Achille Occhetto verrà ricordato per sempre per esser stato lo sconfitto “di successo” nella storia della Sinistra: battuto da D’Alema nel post-PCI, perdente al fotofinish nelle elezioni del 1994 che sembravano impossibili da perdere dopo Tangentopoli e protagonista di quella “gioiosa macchina da guerra” battuta a più non posso dall’avvento di Silvio Berlusconi e la “rivoluzione” di Forza Italia. In una lunghissima intervista a Sette-Corriere della Sera, l’ultimo segretario del Partito Comunista Italiano ripercorre i suoi 83 anni di vita, più della metà passati in politica e protagonista di uno dei periodi più contraddittori della politica italiana. Non solo, prova a “difendersi” dall’accusa di aver con quella foto così particolare del 1988 (mentre baciava la sua consorte Aureliana Alberici, ndr) dato il là al periodo di una politica “personale”, “d’immagine” financo populista. «Tre anni fa ho festeggiato qui anche i miei ottant’anni. Vedo che molti si auto-celebrano. Il mio è stato un brindisi senza clamore», spiega Occhetto al giornalista Zincone (che già nelle scorse settimane intervistò un altro big della politica del passato, Paolo Cirino Pomicino). In quella foto scattata a Capalbio nell’estate 1988 con a moglie durante la fine di un servizio fotografico fu oggetto di forti polemiche interne al Partito Comunista appena conquistato nella sua leadership: «Quando sentii i vetero-babbioni del partito che criticavano quelle immagini, ne difesi la pubblicazione. In realtà, però, non le avevamo concordate».
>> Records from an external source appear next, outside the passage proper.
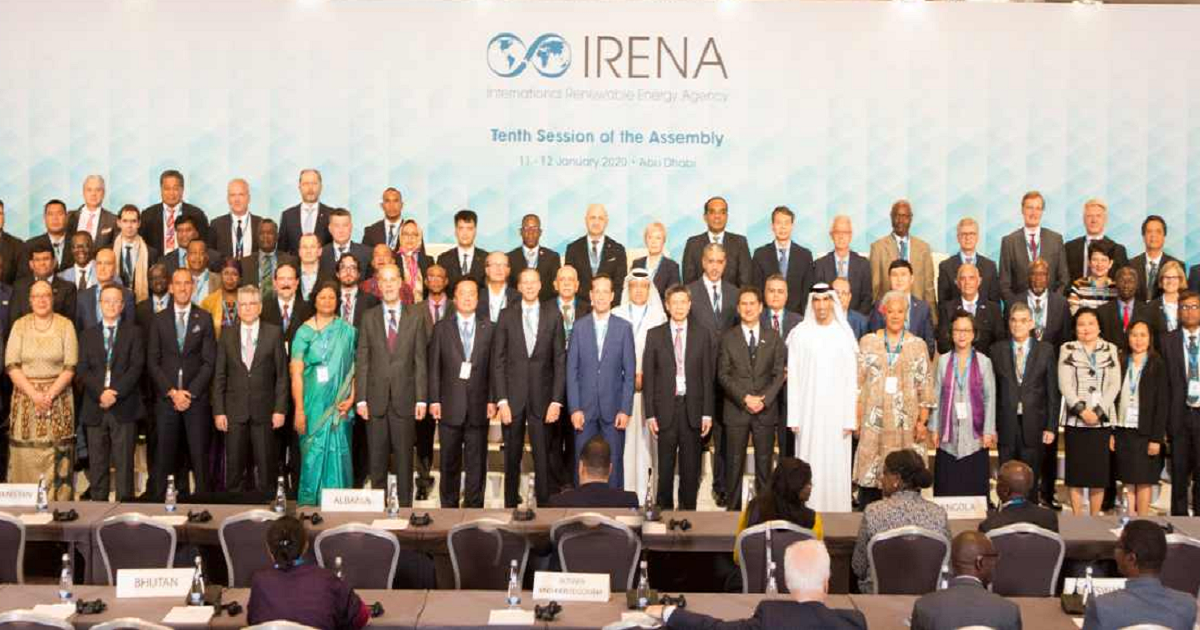 Over 40m jobs may accrue from shift to renewables: IRENA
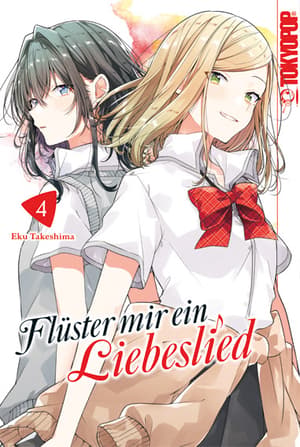 Whisper Me a Love Song - TokyoPop - Band 04 - 1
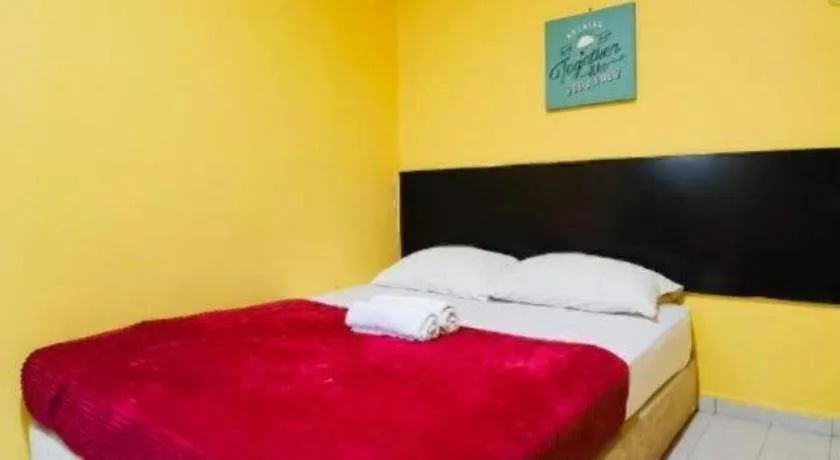 Bed in Nyamanya Inn Kuantan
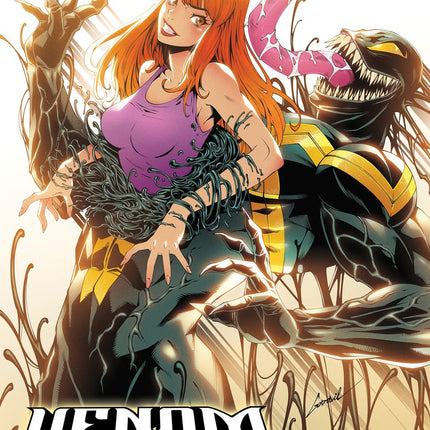 Venom #257 - GODTAIL - Marvel 2026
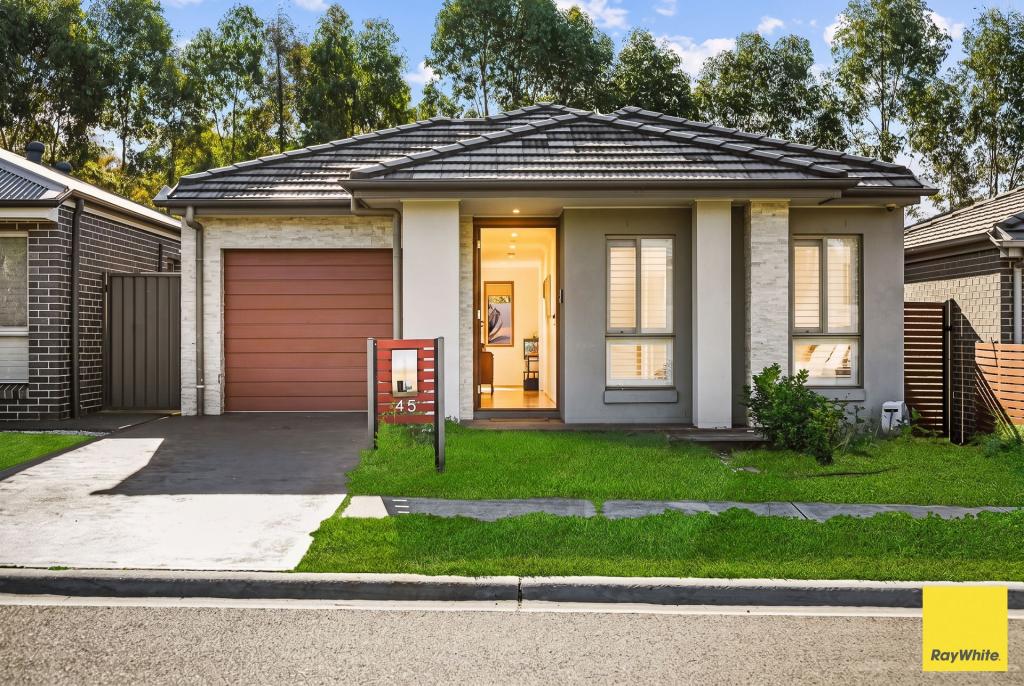 45 Navigator St, Leppington, NSW 2179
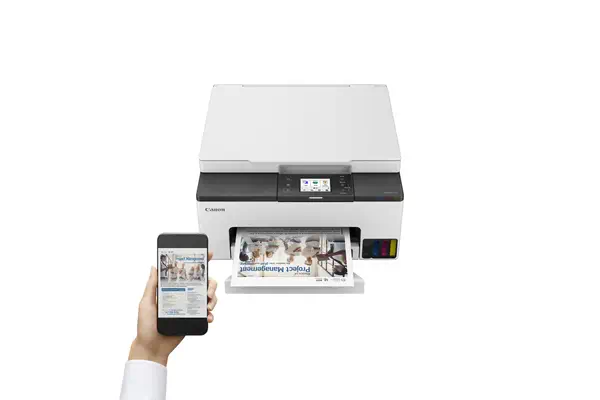 Canon MAXIFY GX1050 Jet d'encre A4 600 x 1200 DPI Wifi - Multifonctions Jet d'encre - visuel 7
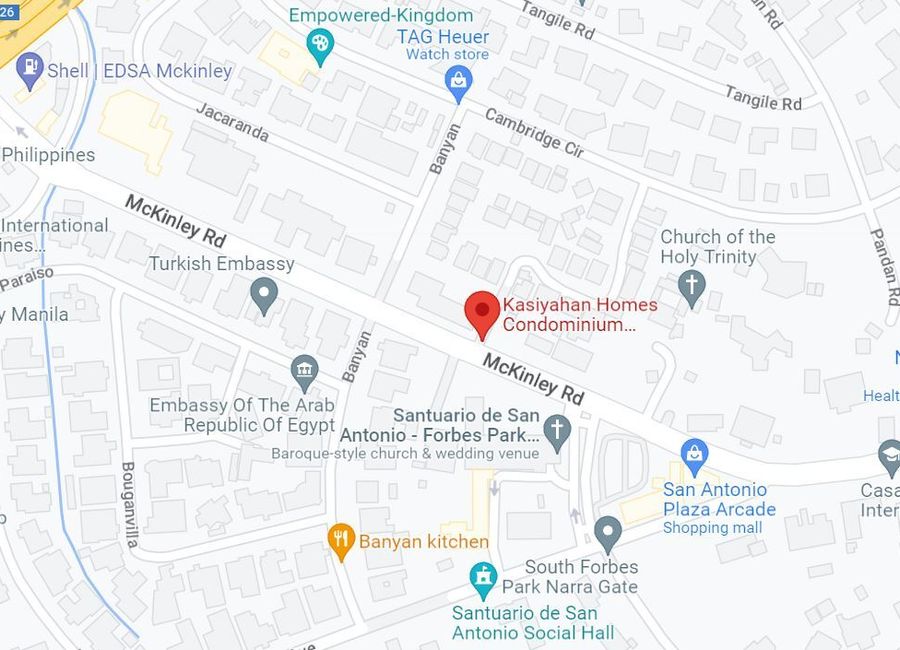 Kasiyahan Homes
OCCHETTO E QUEL COMUNISMO “POPULISTA”

Occhetto nega però con forza nella lunga intervista a “Sette” che quella foto possa aver dato il via ad una politica “personalizzata”: «È Berlusconi, nel 1994, ad aver introdotto il modello del leader risolutore, insieme con il primato della comunicazione politica. E così si sono spalancate le porte a quel populismo che viviamo in maniera esacerbata. Ora si intravede un’altra pagina del tutto inedita della politica italiana: la democrazia illiberale. Sono preoccupato». Parla con cortesia e stima del nuovo corso dem con Zingaretti – «il Segretario si dovrebbe porre come obiettivo quello di uscire dal male oscuro delle divisioni interne. E le alleanze… Oggi l’alternativa è tra le forze che credono nella liberaldemocrazia e quelle che vogliono introdurre una democrazia illiberale» – e ovviamente stronca la presenza di Salvini nella politica italiana «Esiste un’Italia che mal sopporta gli elementi di mussolinismo salviniano. Anche se non mi pare che ci sia ancora molta consapevolezza. È inaudito il modo in cui manda al diavolo contemporaneamente l’Onu, il Papa e il Presidente della Repubblica. Un tempo, se un leader avesse sbeffeggiato le istituzioni come fa lui, ci sarebbe stata una rivolta morale e politica». Rispetto alla dolorosa ma necessaria “fine” del PCI posta per volontà di Occhetto, l’ex segretario e fondatore del PdS si difende così: «io avevo creato una serie di premesse che aprivano la strada al processo: la celebrazione del monumento dedicato a Togliatti, a Civitavecchia, in cui dichiaro che il Migliore è stato parzialmente colpevole dei delitti di Stalin; il viaggio a Budapest con l’omaggio a Imre Nagy; la manifestazione sotto l’ambasciata cinese dopo Tienanmen durante la quale dico che il comunismo è finito… Forse qualcuno non ha voluto sentire. Io ho preparato il terreno, poi quando è caduto il Muro ho reagito e ho proposto di cambiare nome al Pci. Alla mia proposta è seguita una discussione».